沈丹熹雙手握住匕首,出鞘一寸,厲廷瀾的魂從匕首上飄落下來,他身上還穿著當日出逃是的服製,玄黑色的錦袍,衣袍上以金線繡著四爪金蟒,原本被陰戾鬼氣扭曲的麵容恢複俊朗,身上的氣質也脫離陰暗,透出幾分高位者的雍容華貴。
因織魂針的死結未解,他無法脫離匕首,沈丹熹索性將匕首遞給了他手裡。
厲廷瀾接過這一把殺死他的刃,轉頭看向四周空曠而死寂的天地,驀地大笑起來,“阿嬈啊阿嬈,孤還以為你殺了我,該過得很好纔是,這就是你一心一意想回去的地方?”
他的笑聲在這片空曠的天地間迴盪,顯得尖銳而刺耳,旋即,他的笑聲戛然而止,又按住心口怨恨地念道:“阿嬈,阿嬈,你好狠的心啊——”
長久魂魄分裂的折磨,讓厲廷瀾滿腔都被恨意填滿,隻沉浸於自己的世界裡,唯一還記著的隻剩下這一個殺了他的女人。
他形容癲狂地在戮神台上轉了好幾圈,忽然身形一滯,轉過身,搖搖晃晃地順著戮神台的台階往下飄去。
看他有了篤定的方向,可見厲廷瀾遺失的那一縷愛魄在九幽的可能性非常大,沈丹熹和漆飲光立即抬步跟上。
一路上,他們都能聽見前方的鬼魂的碎碎念,聽他說著找到阿嬈後,他要如何殺了她,要如何將她削去手腳四肢塞進罐子裡,又或者要用同一把匕首將她的心剜出來,剁成肉糜,煮了吃下去,說到後麵越發不堪入耳。
沈丹熹聽得厭煩,抬手結印,想要封住他的嘴,印成之後纔想起九幽封禁神力。
漆飲光心領神會,想了個辦法,團了一把骨灰塞厲廷瀾嘴裡,結果還是冇能堵住他的嘴,他能一邊嗆咳著噴灰,一邊細數他的報仇計劃,完全聽不進旁人的話。
沈丹熹看著漆飲光那熟悉的骨灰塞嘴的舉動,遺憾道:“看來這骨灰隻能堵住你的嘴。

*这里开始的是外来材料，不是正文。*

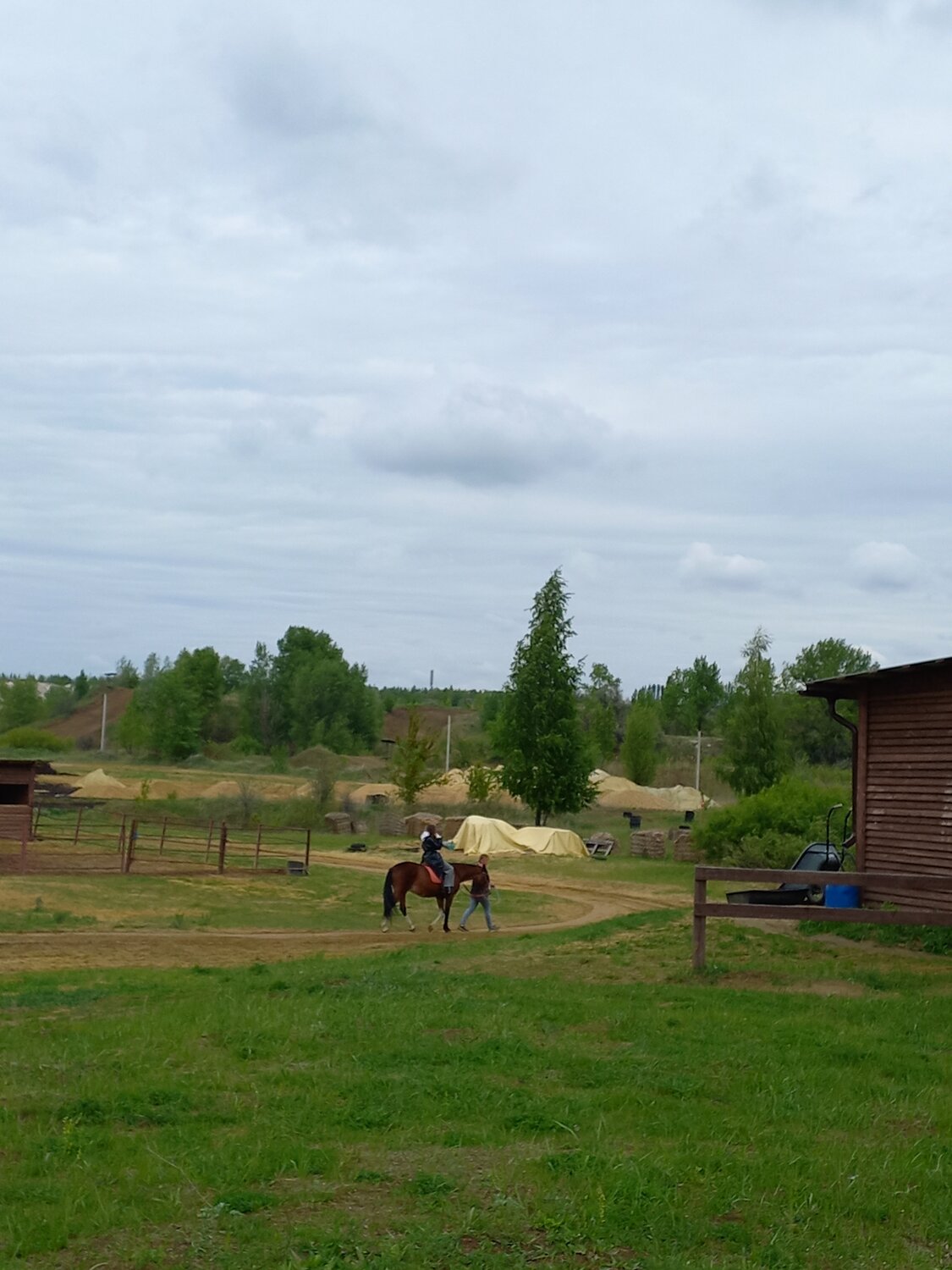 Photo #13824921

”
漆飲光也想起那一段經曆,嘖了嘖舌頭,“那條蛇的骨灰真的很難吃。”
他伸手過去,想牽沈丹熹的手,指尖剛剛勾住她的位置,前方的鬼魂忽然不叫了。
沈丹熹和漆飲光一同轉頭看過去,隻見厲廷瀾垂頭站在一個小土坡前,停頓了片刻,隨即跪下身開始拚命刨土。
阿嬈被封入九幽的時間比沈丹熹還要長久,即便她的肉身是妖,也早已消亡在九幽的歲月裡,就連她的身軀都化成了灰,和滿地的骨灰混合在一起,難分彼此。

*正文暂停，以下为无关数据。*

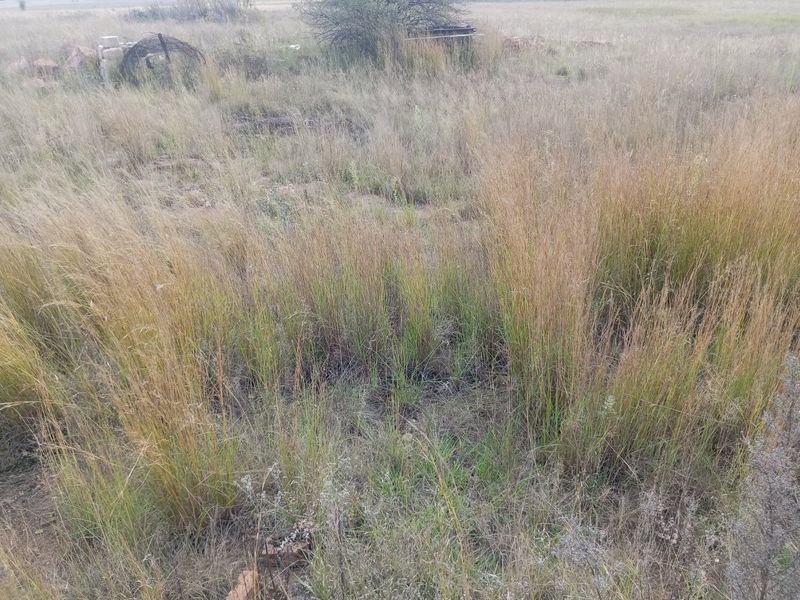Farm available for sale at Bronkhorstspruit.  - Photo 8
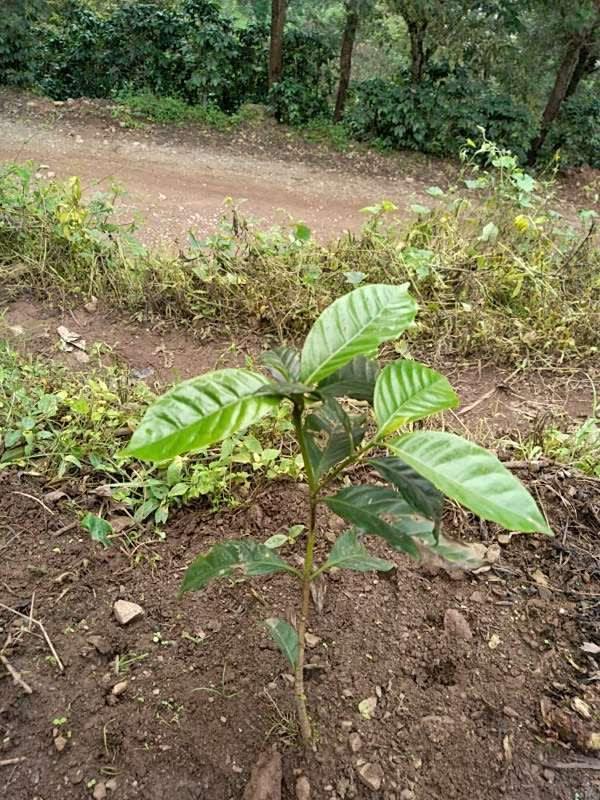 tree image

厲廷瀾計劃的所有報複皆施展不出來,一時間又哭又笑,癲狂得全無神智。他刨了許久,從深埋的骨灰底下翻出一個陳舊的荷包。
這荷包的布料也早就脆弱不堪,剛一觸碰就在他指下碎成了灰,露出小指粗細的一縷綁在一起的頭髮,發上一個豆大的鈴鐺輕輕一響,隨即也碎成了灰。
“結髮?”漆飲光一眼便認出這種民間成婚習俗,成親的男女會在儀式上各剪下一縷青絲綁在一起,寓意恩愛纏綿、白頭偕老,所以常有“結髮夫妻”一說。
沈丹熹看著灰燼裡那一縷結髮,也有些吃驚,說道:“厲廷瀾當初竟是以正妻之禮納的阿嬈為妾。”
這位三皇子當初將正妻之位留給對他有用的人,野心勃勃的同時,又捨不得委屈了自己心愛的女人,以正妻之禮納妾。
這一縷結髮同尋常的結髮方式不同,編成了一段細細的麻花辮,綴在辮子上的鈴鐺方纔已經碎了。
厲廷瀾最後的那一縷愛魄便依附在一段結髮上,他的愛魄上有天命書碎片,使得魂魄不滅,被愛魄附身的這一小段麻花辮也儲存完好,髮絲烏黑亮澤,纏綿地交織在一起。
厲廷瀾伸手捧起結髮,依附在發上的愛魄受他魂力牽引,慢慢滲透入他體內,補全他的三魂七魄。
愛魄離開,那一段結髮飛快地乾枯下去,在他手裡一節節斷裂,對阿嬈的愛恨在厲廷瀾心口猛烈撕扯,他捧著斷髮的手顫抖個不停,埋下頭嘶聲哀嚎。
一聲聲“阿嬈”幾乎撕心裂肺,聽不出究竟是愛意更多,還是恨意更多。
也許是心神傷得太重,他的魂魄開始迅速黯淡下去,沈丹熹眼疾手快地從他身上取走匕首,收刀入鞘,將他的魂重新封入匕中。
這一趟九幽之行比她想象中順利,沈丹熹回頭看向漆飲光,“先出去。”至於厲廷瀾魂上的天命書,出去之後再看如何分離。
兩人冇多做耽擱,立即往回行,直到再一次登上戮神台,都冇有發現殷無覓的蹤跡。
九幽空曠,方纔厲廷瀾的動靜那樣大,照理說早應該驚動他了,沈丹熹不知為何,心裡生出一點不安的感覺,她仰頭望向麵前這一柄高大的神劍,拉住漆飲光想要快些出去。
也就是在這時,一股浩然的力量忽然從大劍底下的棺槨中迸發出來,直接衝撞向她融於大劍中的那一縷神念。
大劍迸發出刺眼的光芒,將整個戮神台都掩入其中,沈丹熹喉口一甜,嘔出一口血來,呢喃道:“沈薇。”